Hay un capítulo de Bitar que se llama “La oreja”. Comienza con unos versos donde se lee: 

¿qué otra parte del cuerpo (o del mundo como un todo) 

recuerda más fielmente a un bebé 

enrollado sobre sí mismo 

que el feto colgante de la oreja?

Otra vez, una escena de origen e infancia. Y hacia el final del mismo capítulo, dos escenas clásicas de la historia del arte aparecen en torno a la oreja y la oclusión de dos reconocidos artistas: la sordera de Beethoven y la oreja cortada de Vincent van Gogh. El prosista Bitar concluye “¿no representan en el fondo el mismo gesto, el de la sordera y el de la oreja cortada? Ambos están ordenados a vaciar el interior…”. Esa voluntad de volcarse al mundo, previo a haber sido acurrucado por él, parecen movilizar los últimos cuadros del pintor, los más intensos, pero también ese abismo en el que finalizó sus días el gran compositor alemán, como si ese cuerpo hubiera dicho “acá ya no hay más interior, ya no hay más música propia, ya todo lo que fue mío es del mundo. Mi infancia ya no es yo”.

Tanto Bitar como Surghi, en sus respectivos ensayos de La música que escuchan todos, entrelazan la fascinación por la música con el orden de lo sagrado al que lleva. Porque lo sagrado es precisamente la relación con algo demasiado externo, con un exterior más exterior que cualquier persona. Y si esa puede ser la condición extranjera de la música —the music is outside, dice la letra de una canción de Bowie—, la vida que se entrega a la música es una vida entregada al mundo.

Bellamy recupera una imagen de Argerich que puede ayudar a comprender la forma de esa vida sagrada del genio. De niña, Martha asistía a los conciertos del Colón, en los cuales solía quedarse dormida en la butaca. Pero una noche de 1947, la pianista escuchó el Concierto n°4 en sol mayor de Beethoven interpretado por el músico chileno Claudio Arrau. Bellamy dice que la intensidad fue tal que “la electrizó hasta la raíz de los cabellos”. La pequeña Martha tenía apenas seis años. En su larga y exitosa carrera, ella nunca quiso tocar ese concierto, igual de intenso que un trauma. “‘Tal vez sea algo demasiado sagrado —insinúa Martha. Como si me fuera a morir sobre el escenario’”, registra el biógrafo.
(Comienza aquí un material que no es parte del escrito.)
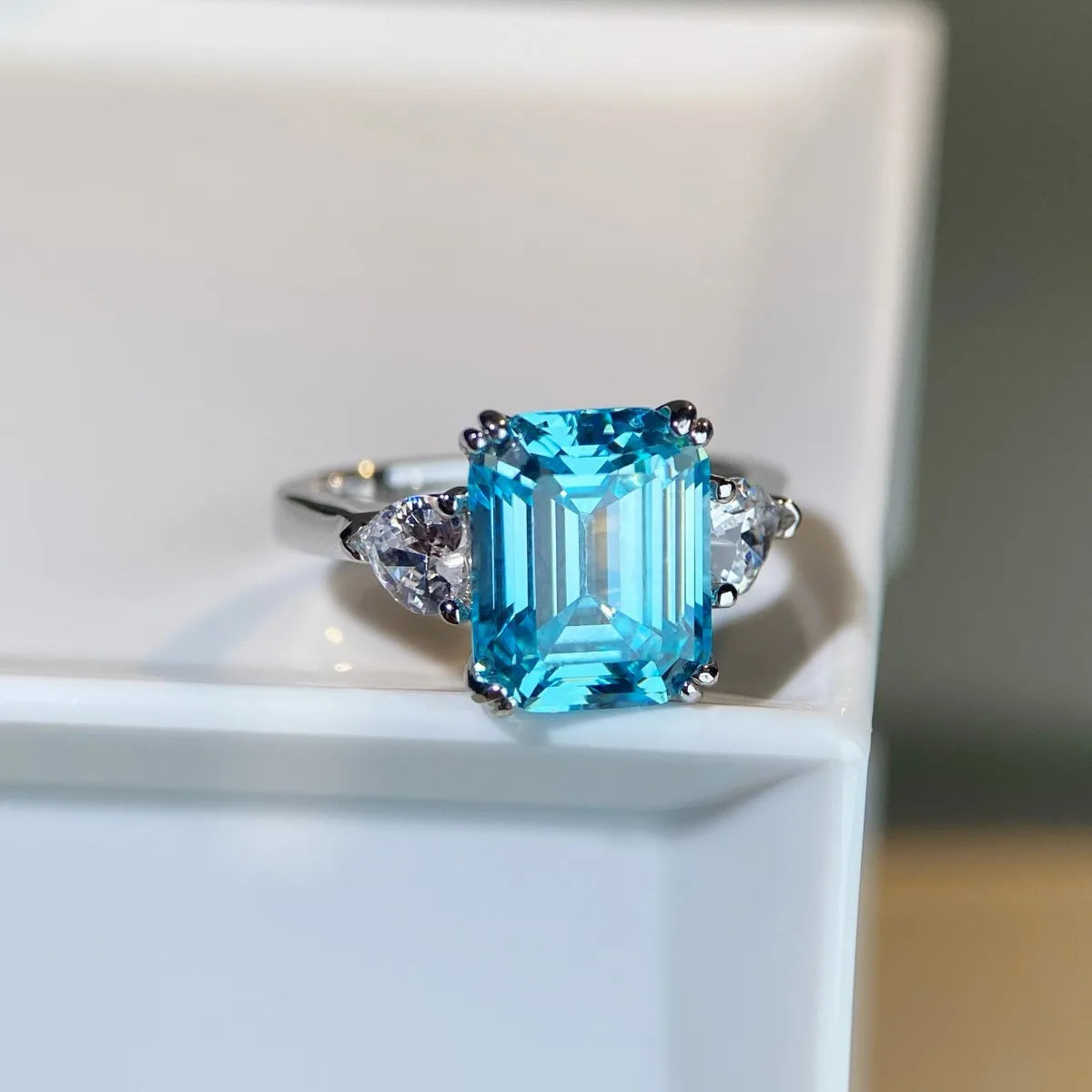 S925 Sterling Silver 4-Carat Sugar Cube Pagoda Ring Women's Premium Ladies Luxury Exquisite Gift Jewelry by Reinvent Yourself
El ser amusical que escribe estas líneas comprende por fin que la vida vertida en el mundo es también la otra gran extranjera: la muerte. Por eso, quizás, prefiere redactar una nota sobre dos libros de música y recordar que nada de esta le pertenece —como a nadie ni a nada le pertenece el mundo ni el origen ni tampoco la muerte, apenas una palabra que dirá el resto cuando nos vayamos. La fascinación musical corresponde al subsuelo común que comparten la belleza y el horror. Martha Argerich. Una biografía y La música que escuchan todos son un testimonio de esa correspondencia y vale la pena leerlos con fruición atenta.